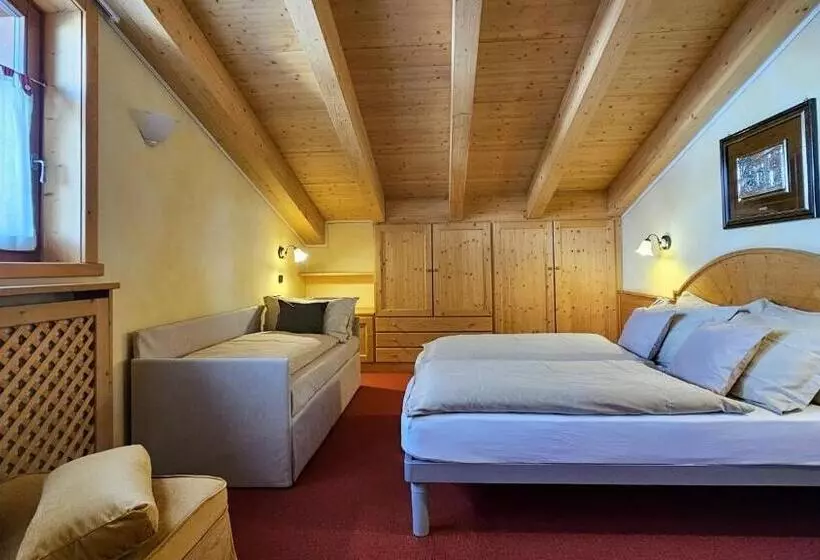 هتل Albergo Alpenrose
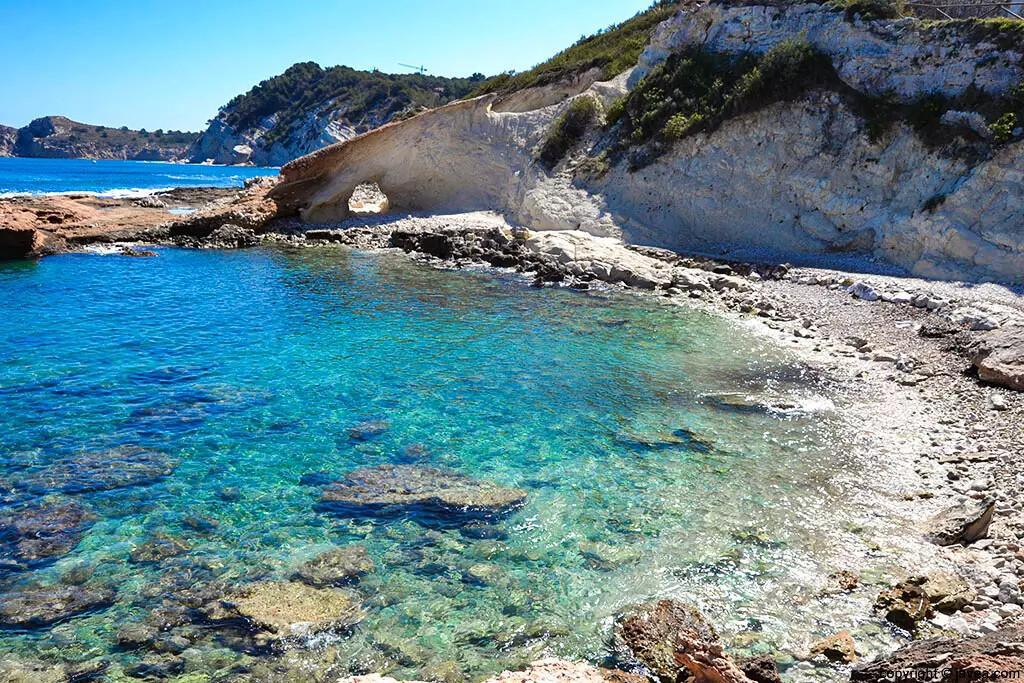 Xàbia, un fascinante viaje entre calas secretas y calles con historia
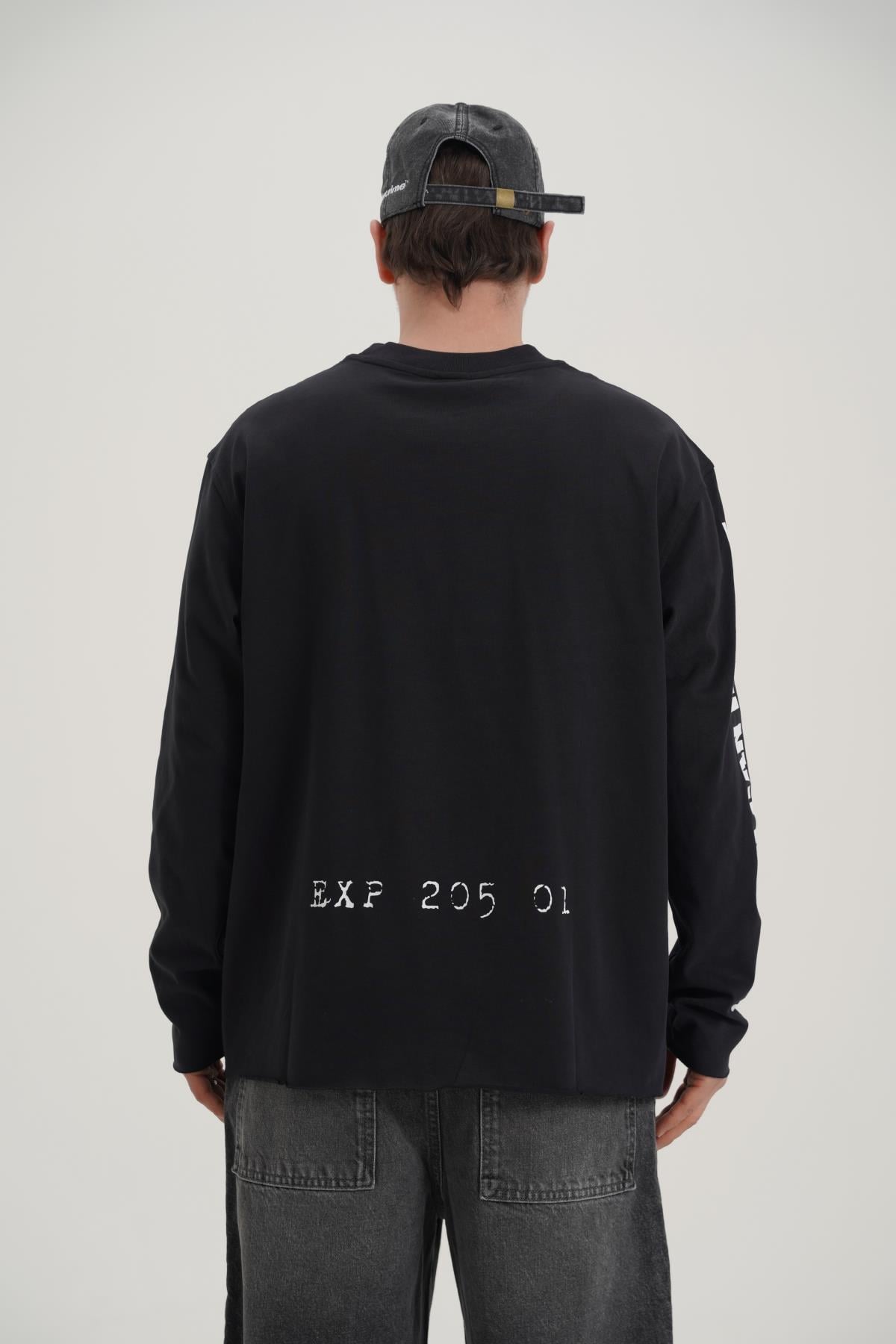 Kol Baskılı Siyah Oversize Longsleeve CT01 26CK012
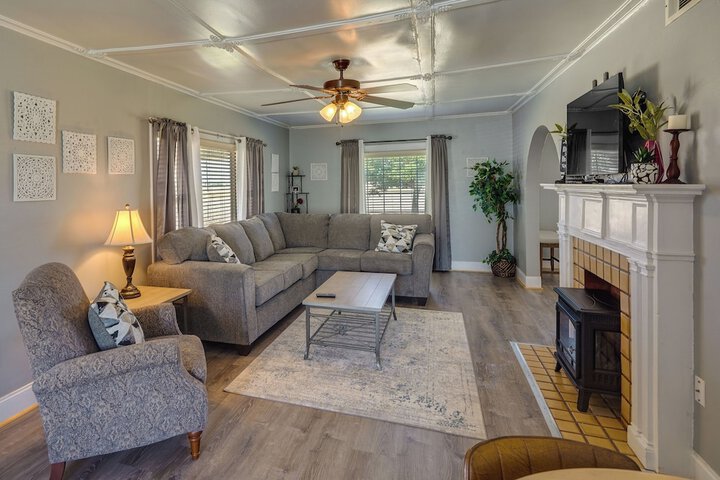 Lamesa Vacation Rental w / Covered Patio & Fire Pit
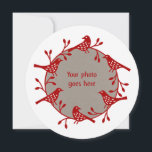 Skandinaviska fåglar med utandningsfoto av rosehip julkort<br><div class="desc">En frisk andedräkt av fåglar och höfter från ro omger ditt eget foto i detta söt Skandinaviska helgdag-kort från stil. Anpassa texten på baksidan efter ditt val av hälsning,  och naturligtvis din egen familj namn!</div>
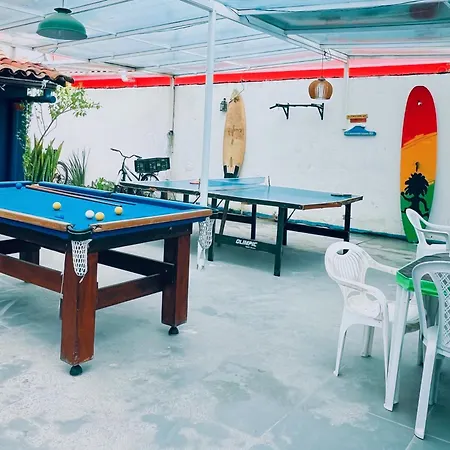 Surf & Arte Hostel-2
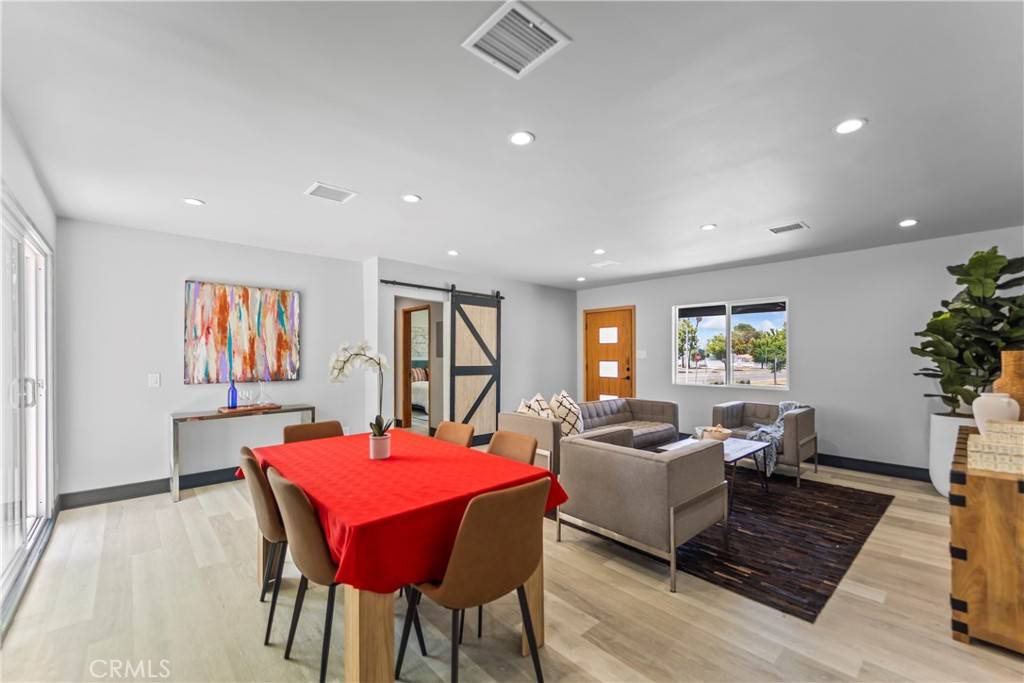 Encino, CA 91316,5606 White Oaks AVE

===

- _Your task_:
Reproduce the full listing verbatim so that only the pictures are missing.

- _Result_:
 هتل Albergo Alpenrose
 Xàbia, un fascinante viaje entre calas secretas y calles con historia
 Kol Baskılı Siyah Oversize Longsleeve CT01 26CK012
 Lamesa Vacation Rental w / Covered Patio & Fire Pit
 Skandinaviska fåglar med utandningsfoto av rosehip julkort<br><div class="desc">En frisk andedräkt av fåglar och höfter från ro omger ditt eget foto i detta söt Skandinaviska helgdag-kort från stil. Anpassa texten på baksidan efter ditt val av hälsning,  och naturligtvis din egen familj namn!</div>
 Surf & Arte Hostel-2
 Encino, CA 91316,5606 White Oaks AVE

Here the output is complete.